What is the issue with the two methods used to solve the ODE dy/dx=x(1-y)?

[badtwistoffate]

Got the eqn dy/dx=x(1-y) and it can be solved both linear and separable methods.(Linear method being using a integrating factor) Problem I am having is that with this two methods i get two different (yet similar answers) and was wondering if you can see my problem with this two methods I am using.

Integrating Factor method:
y'+xy=x, u'(x)=e^(x^2/2)

[e^(x^2/2)y]'=x*e^(x^2/2)

e^(x^2/2)y=integral(x*e^(x^2/2)), do u substitution, get...

e^(x^2/2)y=e^(x^2/2)+c

y=1+c/e^(x^2/2) or y=1+c*e^(-x^2/2)

Separable method:
dy/(1-y)=x dx, integrate both sides

-ln(1-y)=e^(x^2/2)+C, raise both sides to e.

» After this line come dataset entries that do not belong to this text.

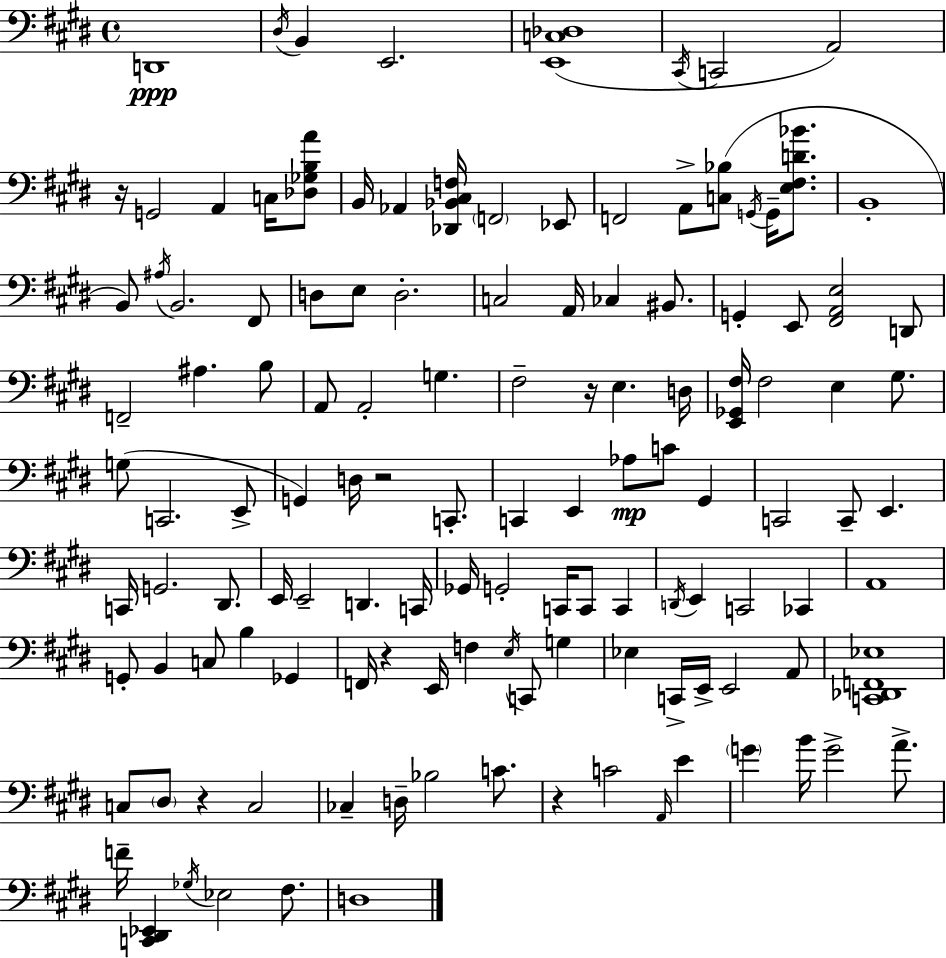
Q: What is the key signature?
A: E major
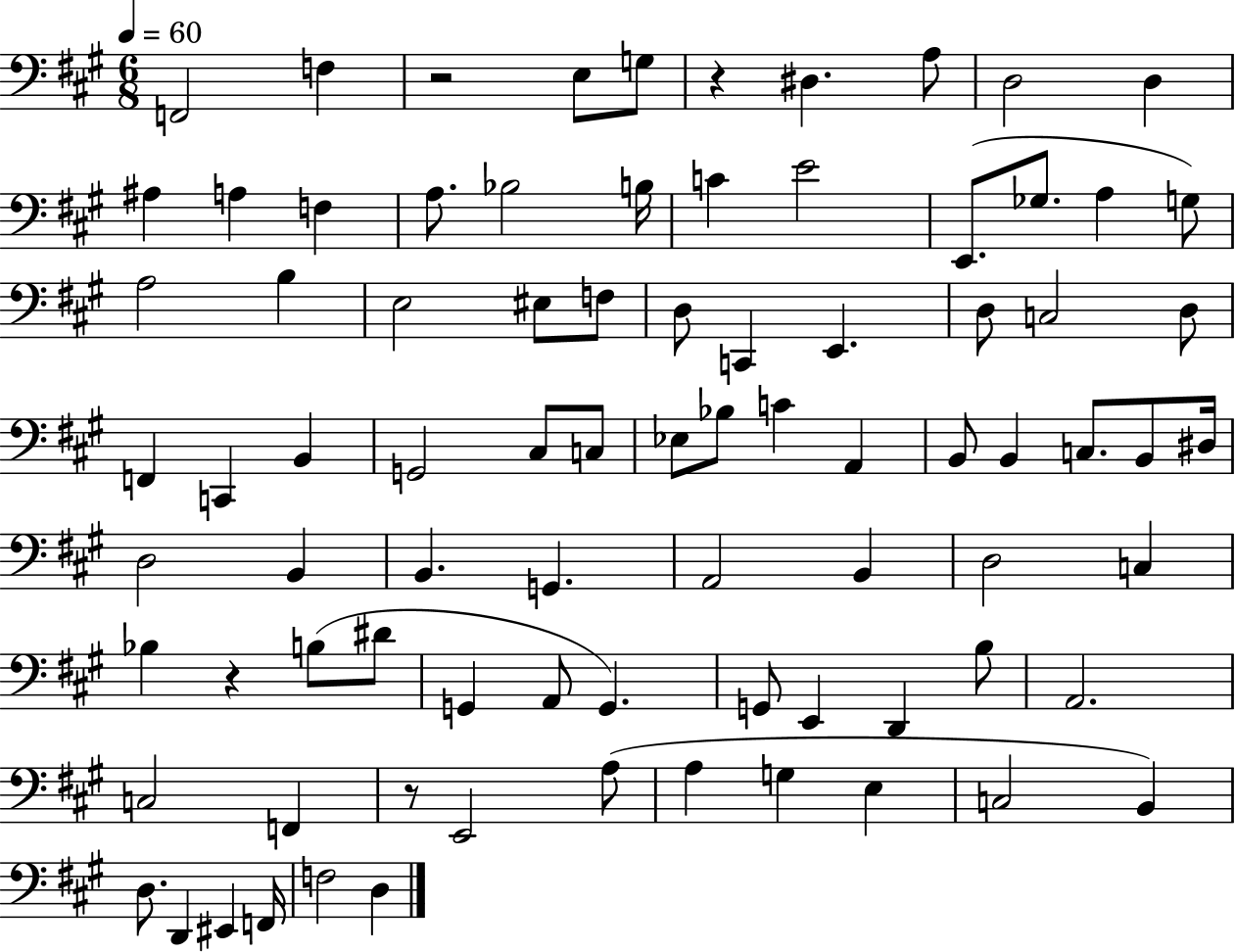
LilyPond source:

{
  \clef bass
  \numericTimeSignature
  \time 6/8
  \key a \major
  \tempo 4 = 60
  f,2 f4 | r2 e8 g8 | r4 dis4. a8 | d2 d4 | \break ais4 a4 f4 | a8. bes2 b16 | c'4 e'2 | e,8.( ges8. a4 g8) | \break a2 b4 | e2 eis8 f8 | d8 c,4 e,4. | d8 c2 d8 | \break f,4 c,4 b,4 | g,2 cis8 c8 | ees8 bes8 c'4 a,4 | b,8 b,4 c8. b,8 dis16 | \break d2 b,4 | b,4. g,4. | a,2 b,4 | d2 c4 | \break bes4 r4 b8( dis'8 | g,4 a,8 g,4.) | g,8 e,4 d,4 b8 | a,2. | \break c2 f,4 | r8 e,2 a8( | a4 g4 e4 | c2 b,4) | \break d8. d,4 eis,4 f,16 | f2 d4 | \bar "|."
}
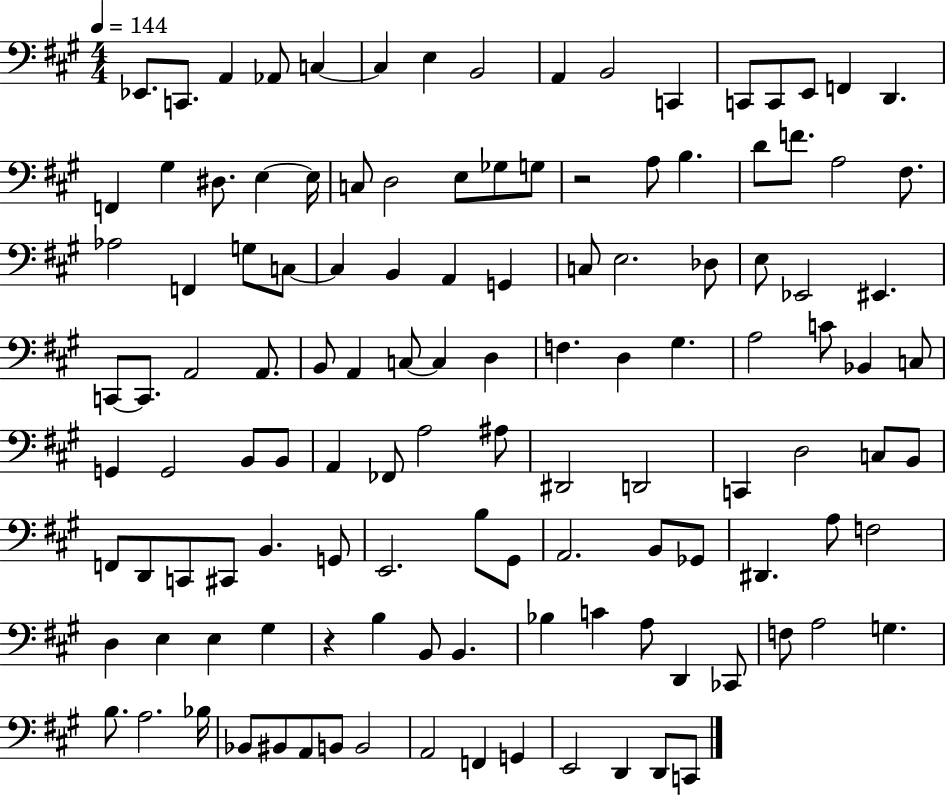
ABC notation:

X:1
T:Untitled
M:4/4
L:1/4
K:A
_E,,/2 C,,/2 A,, _A,,/2 C, C, E, B,,2 A,, B,,2 C,, C,,/2 C,,/2 E,,/2 F,, D,, F,, ^G, ^D,/2 E, E,/4 C,/2 D,2 E,/2 _G,/2 G,/2 z2 A,/2 B, D/2 F/2 A,2 ^F,/2 _A,2 F,, G,/2 C,/2 C, B,, A,, G,, C,/2 E,2 _D,/2 E,/2 _E,,2 ^E,, C,,/2 C,,/2 A,,2 A,,/2 B,,/2 A,, C,/2 C, D, F, D, ^G, A,2 C/2 _B,, C,/2 G,, G,,2 B,,/2 B,,/2 A,, _F,,/2 A,2 ^A,/2 ^D,,2 D,,2 C,, D,2 C,/2 B,,/2 F,,/2 D,,/2 C,,/2 ^C,,/2 B,, G,,/2 E,,2 B,/2 ^G,,/2 A,,2 B,,/2 _G,,/2 ^D,, A,/2 F,2 D, E, E, ^G, z B, B,,/2 B,, _B, C A,/2 D,, _C,,/2 F,/2 A,2 G, B,/2 A,2 _B,/4 _B,,/2 ^B,,/2 A,,/2 B,,/2 B,,2 A,,2 F,, G,, E,,2 D,, D,,/2 C,,/2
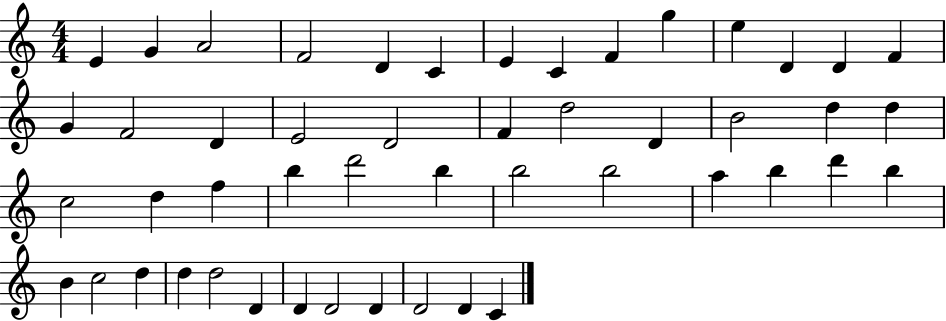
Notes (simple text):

E4/q G4/q A4/h F4/h D4/q C4/q E4/q C4/q F4/q G5/q E5/q D4/q D4/q F4/q G4/q F4/h D4/q E4/h D4/h F4/q D5/h D4/q B4/h D5/q D5/q C5/h D5/q F5/q B5/q D6/h B5/q B5/h B5/h A5/q B5/q D6/q B5/q B4/q C5/h D5/q D5/q D5/h D4/q D4/q D4/h D4/q D4/h D4/q C4/q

1/(1-y)=K*e^(x^2/2)+C, rearrange to get y=.

y=1-1/K*e^(x^2/2)

so we get two different answers with these methods, where is the problem lieing or are both wrong?

 

[Galileo]

Separable method:
dy/(1-y)=x dx, integrate both sides

-ln(1-y)=e^(x^2/2)+C, raise both sides to e.

1/(1-y)=K*e^(x^2/2)+C, rearrange to get y=.

y=1-1/K*e^(x^2/2)

You got a bit sloppy near the end. Some mistakes are just typo's I think.

$$-\ln(1-y)=\frac{1}{2}x^2+C$$
$$1-y=K\exp(-\frac{1}{2}x^2)$$
$$y=1-K\exp(-\frac{1}{2}x^2)$$

So it's the same.